As outlined above, three NASA GPM–IMREG products were assessed, named according to the initial assessment of the satellite records, and specifically the “Early”, the “Late”, and the “Final” products, which include further post-processing based on the ground meteorological observations. The “Final” product has significant differences in comparison with the corresponding “Early” and “Late” versions, due to the use of a climate change adjustment factor. It significantly underestimates the magnitude of the precipitation and presents a “buffered” and smooth temporal distribution, contrary to the data captured by local, ground measurements. Therefore, it fails to reproduce the IANOS rainfall spatial event. It seems that the “Late” product is the most suitable for describing the spatial variability of the extreme meteorological event, since it presents a better fit for the ground measurements of the representative ground stations for the study area, in terms of total precipitation, as well as the temporal distribution of precipitation. Figure 5 depicts the NASA satellite products for different time records. The higher rainfall records in the vicinity of the study area for both Early and Late products can be seen.

Except for the above, two reanalysis remote sensing products were also gathered and analyzed in conjunction with three NASA GPM–IMREG estimates: the ERA5 land-CNR and the MERRA land-NASA reanalysis products. Both of them underestimate the rainfall in comparison with the NASA-GPM–IMREG, as observed in Figure 6.

Following on from the above comparative analysis, it can be concluded that NASA’s and CNR’s remote products show better agreements and greater rainfall depths in the south and southeast of the study area. In contrast, ERA5 land (ECMWF) shows higher rainfall depths in the southwest of the study area. Figure 7 exhibits the daily cumulative rainfall depths retrieved by the aforementioned remote sensing products. The NASA GPM–IMREG Late product shows a higher daily rainfall depth of up to 200 mm and a better performance for the greater area of the city of Karditsa. ERA-5 and CNR products present substantially lower records, of up to 100 mm.

All the remote sensing products failed to provide accurate rainfall records in comparison with the gauged rainfall records. Specifically, the 15-min records from the Plastiras dam gauge station west of the study area exhibit a relatively higher record of approximately 530 mm in the 15-h time period on the 18 September 2020. Karditsa’s rainfall gauge station provides a lower record of 220 mm for the same record period (Figure 8).

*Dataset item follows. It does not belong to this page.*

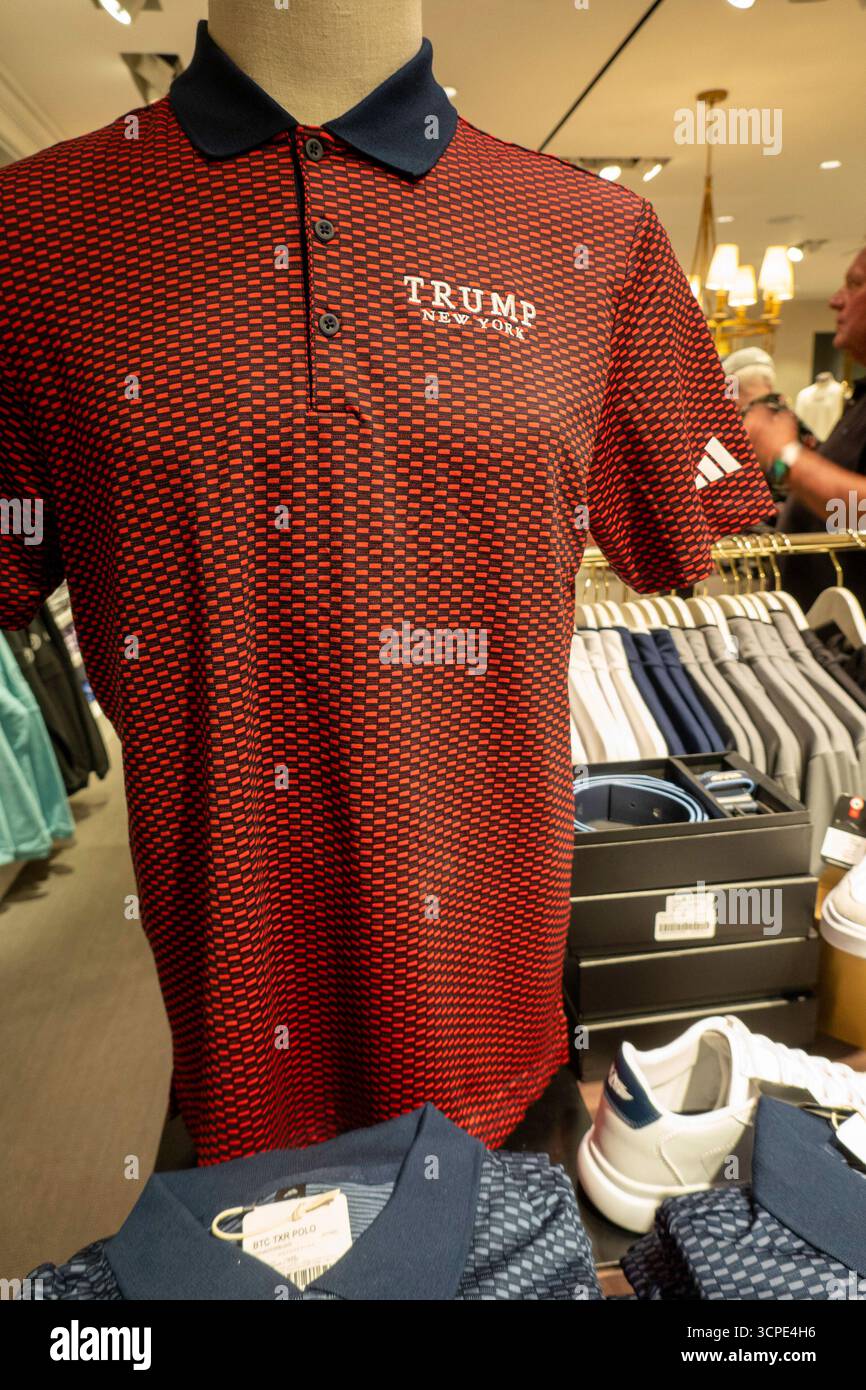 Der Trump Store im Trump Tower an der Fifth Avenue verkauft Markenartikel und Souvenirs für den 45./47. POTUS, New York City, USA 2025 Stockfoto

Although the remote sensing precipitation products underestimated the magnitude and intensity of the phenomenon, they provided useful insights regarding the evolution and spatial variation of the phenomenon. The spatial information revealed, indicates that the available gauging stations captured the spatial variability of the event’s precipitation and could be used for the hydrological investigation. In the light of the above analysis, the gauge rainfall records were the most suitable for the flooding event analysis; and following a Thiessen analysis, the point records of Plastiras dam station and Karditsas station were mapped over the sub-catchment of the study area. The mountainous sub-catchments have a significantly higher rainfall input, influenced by the Plastiras dam record representing 30% of the total catchment study area. The low-lying catchments were impacted by Karditsa’s station rainfall record.

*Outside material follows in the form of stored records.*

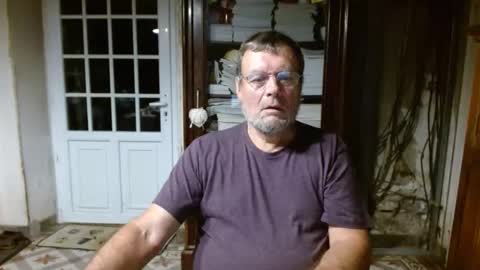 Snapshot of _123_voyeur_ chatting on October 10, 2025, 5:56 pm _123_voyeur_ online show from October 10, 2025, 5:56 pm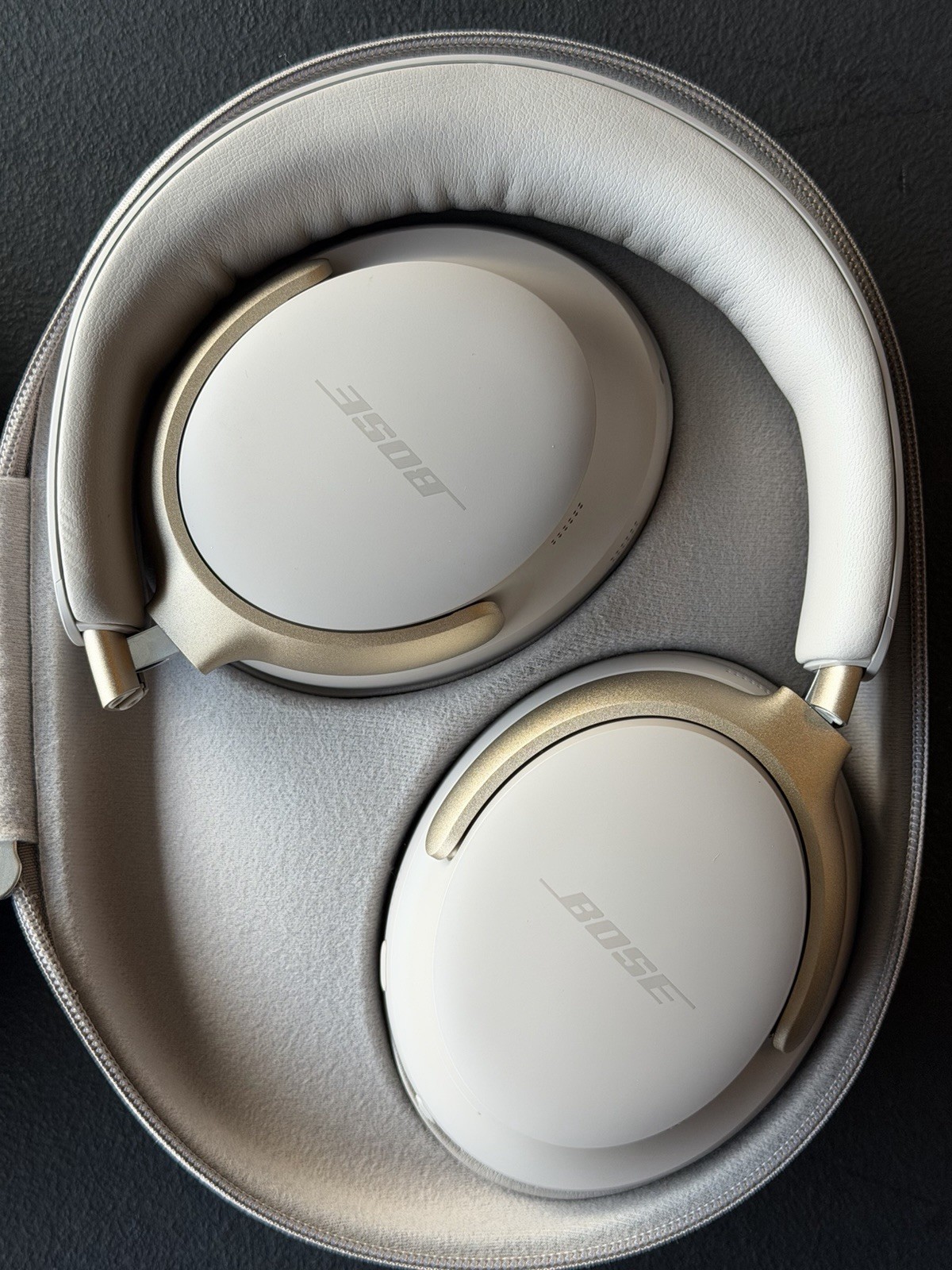 BOSE QUIETCOMFORT ULTRA WIRELESS NOISE CANCELLING OVER-EAR HEADPHONES Sandstone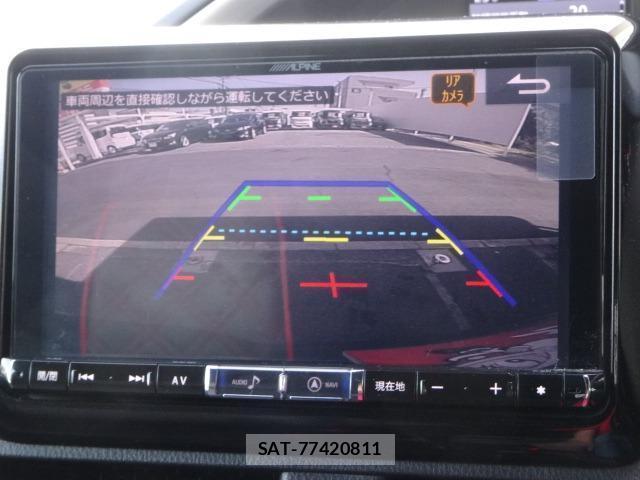 Toyota VOXY 2019-11 8330389-4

The final output of the HEC-HMS software is depicted in Figure 9. Specifically, three flood hydrographs are presented at the junctions of interest. For the J5 junction of the Gavrias river (which is located in the southwest part of the city), the maximum peak flow was simulated as about 630 m³/s, while the time to peak was estimated as about 12 h. The Karampalis upstream junction J6 peak flow was estimated as about 600 m³/s, while Karampalis downstream junction peak flow was estimated as about 1400 m³/s. At the latter junction, the Gavrias river and upstream Karampalis are connected. The latter provided a specific event discharge ranging from 5.06 to 10.5 m³/s*km². It is worth mentioning that the time to flooding responses of the Gavrias and upstream Karampalis sub-catchments coincided, leading to a very high peak flow in the east part of the city.

In order to quantify the return period of the IANOS event, three rainfall scenarios were developed using the intensity–duration–frequency curves of Karditsa station, namely T = 50 years, 100 years, and 1000 years. The latter was developed as part of the national implementation of the Flood European Directive [33]. A recent framework presents more insights into the regional implementation of the intensity–duration–frequency in the study area [34], and it is recommended for defining the extreme rainfall depths for different exceedance probabilities.

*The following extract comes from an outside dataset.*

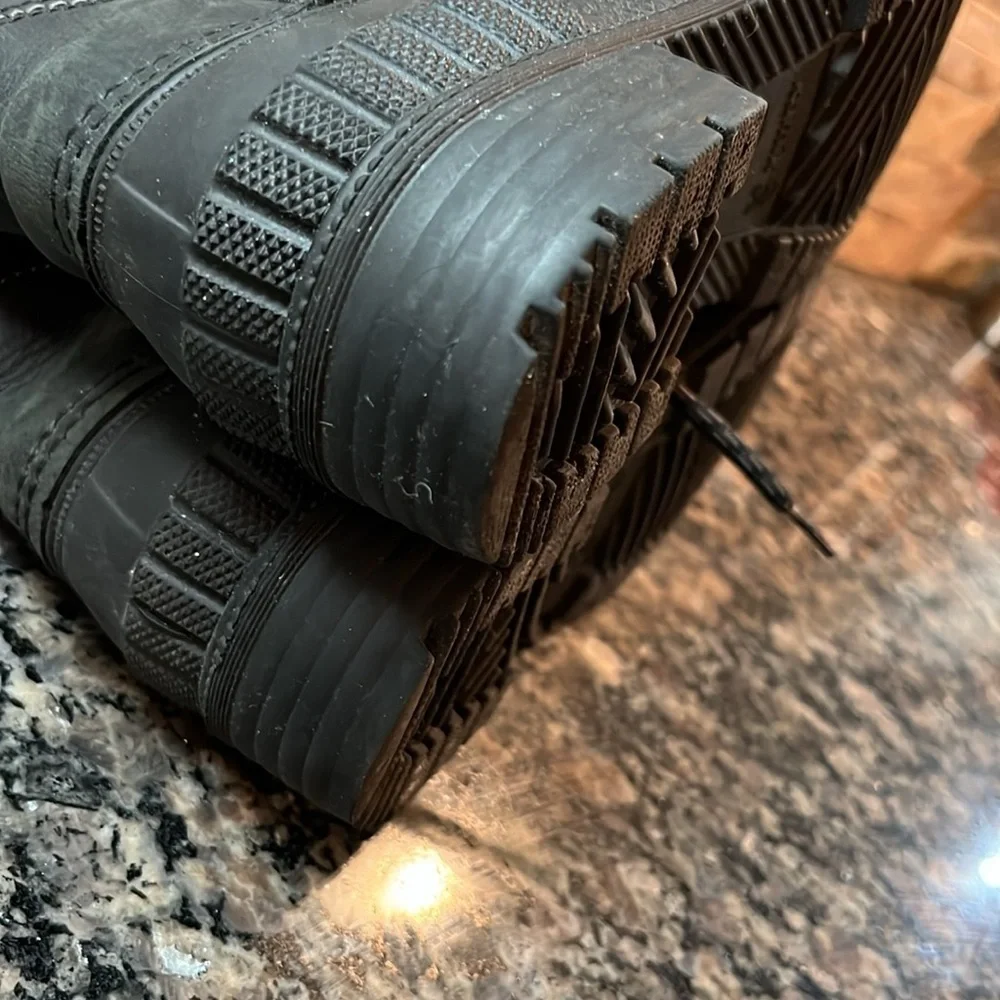 Kamik waterproof winter boots 8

Figure 10 shows the plots of the estimated return period with respect to the flows (a and b), as well the flooding volumes (c and d), which are the equivalent volumes extracted by the flow event hydrographs. It was calculated that the IANOS flooding event’s return period is around 400 years for the downstream low-lying catchments and about 1000 years for the upstream mountainous catchments. Most interestingly, the flooding volume return periods were estimated as being 1000 years for the low-lying areas, and for the upstream catchments reaching 10,000 years, highlighting the catastrophic nature of the flooding event.

3.3. Flood Mapping

Figure 11 presents the maximum water depths and the maximum flood extent simulated by the HEC-RAS software, having as an input the HEC-HMS output for each junction point, namely J4, J5, and J6. An extensive overflow of the upstream Karampalis river was observed in the south part of the city areas. The Garvias river was flooded in the northwest part of the city. Its overflow was directed to the north, while the remaining flows were routed through the man-made canal in the north part of the town as well. It is worth mentioning that the extreme flows from the upstream Karampalis catchments had as a consequence the overtopping of the Gavrias river and the railway rail embankments. These overflows were propagated from the north floodplains to the city center through the complex urban stream network. The most severe overflows that impacted the city were observed in the east Karampalis river, downstream of the junction with the Gavrias river.

For the main channel of the river, the maximum water depth was simulated as about 5 m, while the corresponding maximum water depth in floodplain was about 1 m. All the simulations demonstrated that the city was hit by a significant flooding wave coming from the west, east, and north.

3.4. Validation

Since remote flooding footage is critical for validating the performance of our simulations, three satellite flooding footages were used to compare the simulated flood extent with the observed flood extend [35]. In this vein, two SENTINEL satellites images were acquired from the Copernicus EMS service: (a) the first refers to approximately 35 h (date 20 September 2020) after the estimated peak flow of the flood event; (b) the second refers to the flooding extent 5 days after the event. In addition to this dataset, a post-event flood image was acquired by Zekkos et al., 2020 [6] and is also presented here. Post-event satellite images of the same day or the next day after the flood were sought, in order to supplement the analysis with an as recent as possible flood extent delineation. However, the cloud coverage was dense for these dates, significantly reducing the potential of those images for useful flood extent delineation.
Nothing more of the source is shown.